Activity => Output all of the lines below exactly, and leave out each image.
(Beginning of Data extract)
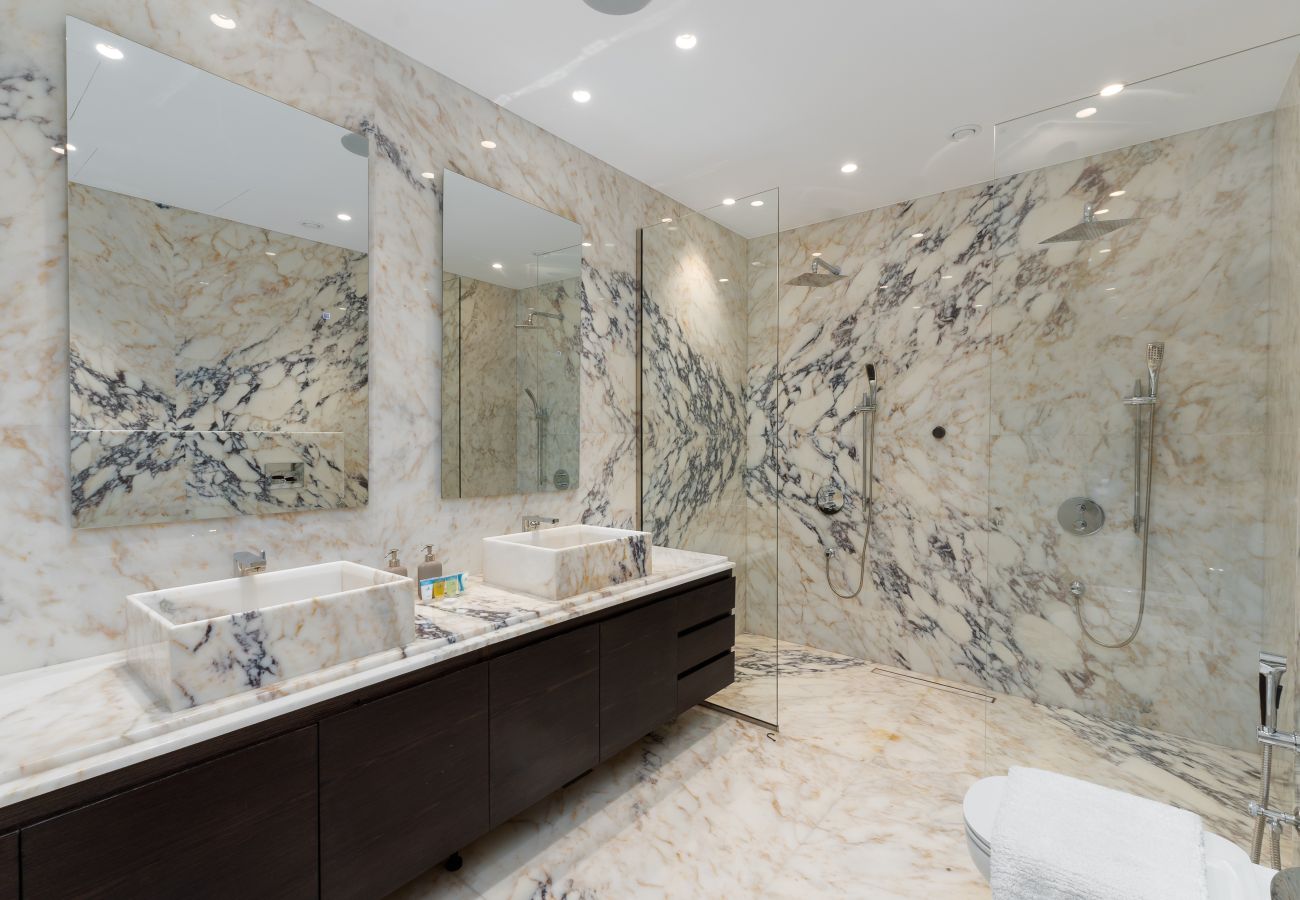 Apartment in Dubai - 4BR Palm Penthouse: Private Pool & Beach Access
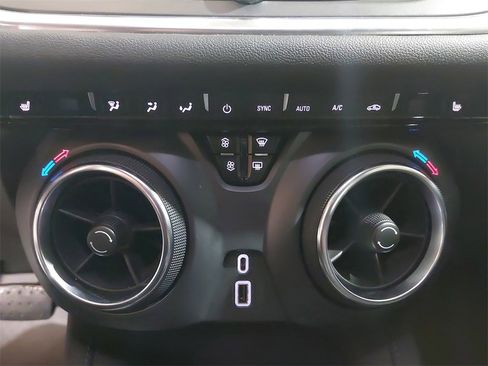 Used 2020 Chevrolet Blazer LT image 23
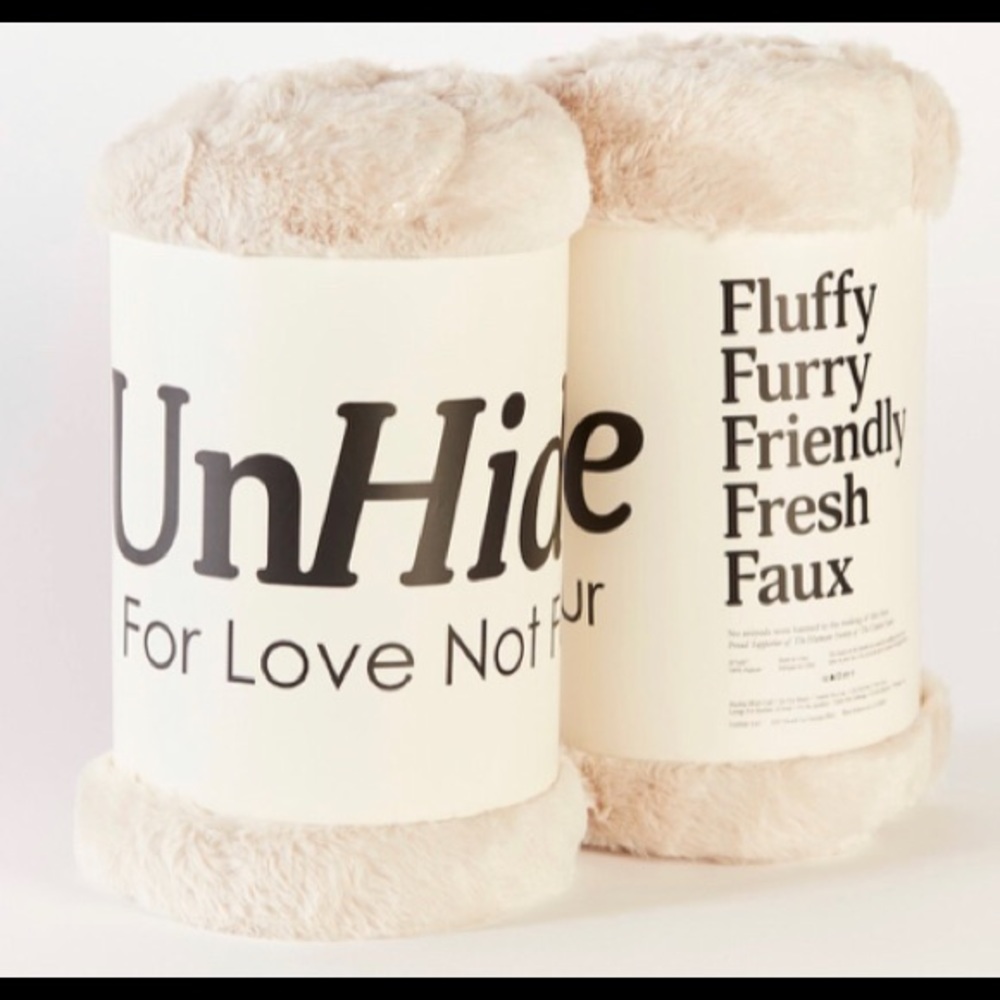 UnHide Lil’ Marshmallow blanket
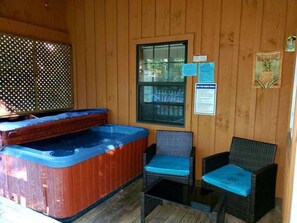 Hot Tub and sitting area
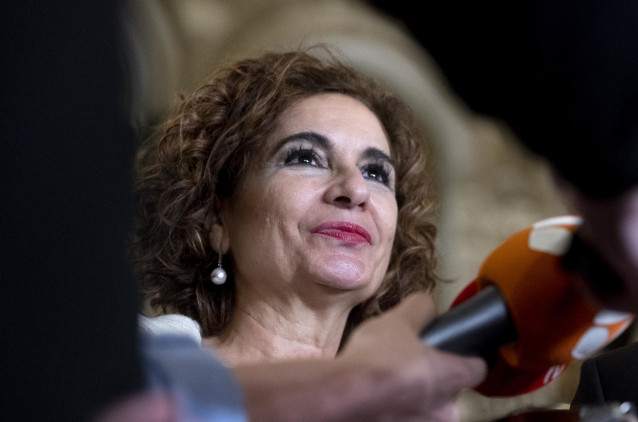 La ministra de Hacienda y Función Pública, María Jesús  Montero, atiende a los medios durante la Gala del Destino Turístico 'Provincia de Sevilla', con motivo de celebración de la Feria Internacional del Turismo (FITUR), en el Real Casino de Madrid, a 17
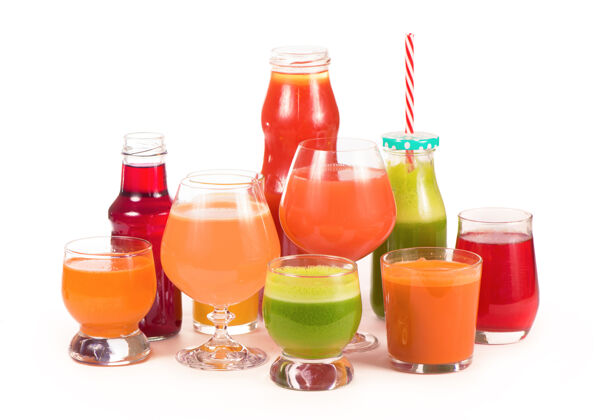 健康玻璃杯里有新鲜的有机蔬菜和果汁 隔离在白色上蔬菜饮食果汁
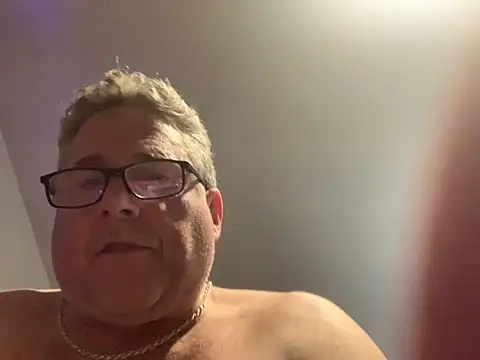 iwantutocum1X live sex cam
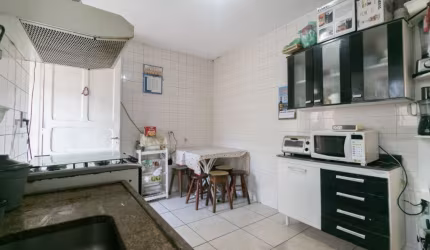 Casa com comercio, na Vila Ema, local de fácil acesso a transporte público (Monotrilho estação São Lucas) e grandes vias da região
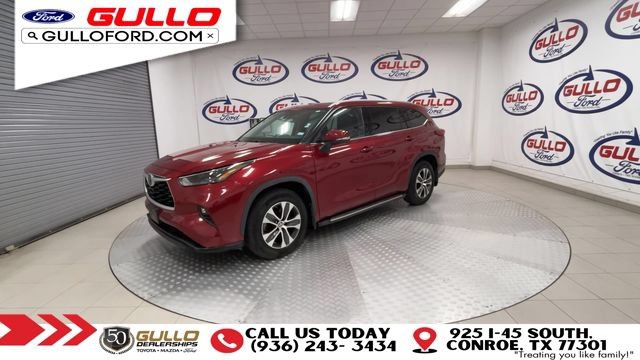 Used 2022 Toyota Highlander XLE FWD image 4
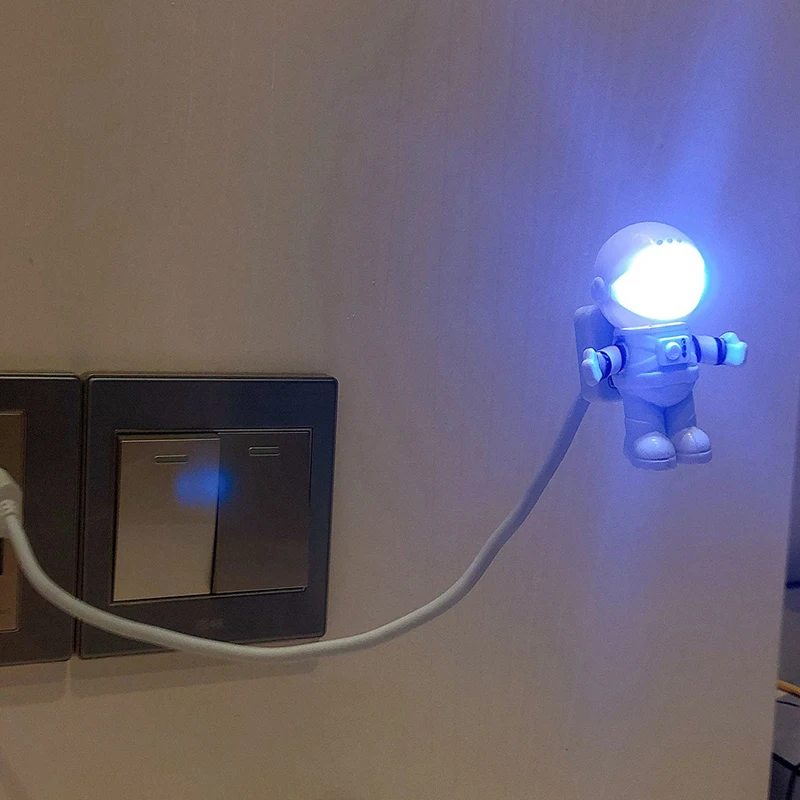 Tragbare Lese schreibtisch lampe mit USB-Nachtlicht betriebene weiße Astronauten form für Computer-PC 5V LED-Beleuchtungs lampe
(End of Data extract)
Output below =>
 Apartment in Dubai - 4BR Palm Penthouse: Private Pool & Beach Access
 Used 2020 Chevrolet Blazer LT image 23
 UnHide Lil’ Marshmallow blanket
 Hot Tub and sitting area
 La ministra de Hacienda y Función Pública, María Jesús  Montero, atiende a los medios durante la Gala del Destino Turístico 'Provincia de Sevilla', con motivo de celebración de la Feria Internacional del Turismo (FITUR), en el Real Casino de Madrid, a 17
 健康玻璃杯里有新鲜的有机蔬菜和果汁 隔离在白色上蔬菜饮食果汁
 iwantutocum1X live sex cam
 Casa com comercio, na Vila Ema, local de fácil acesso a transporte público (Monotrilho estação São Lucas) e grandes vias da região
 Used 2022 Toyota Highlander XLE FWD image 4
 Tragbare Lese schreibtisch lampe mit USB-Nachtlicht betriebene weiße Astronauten form für Computer-PC 5V LED-Beleuchtungs lampe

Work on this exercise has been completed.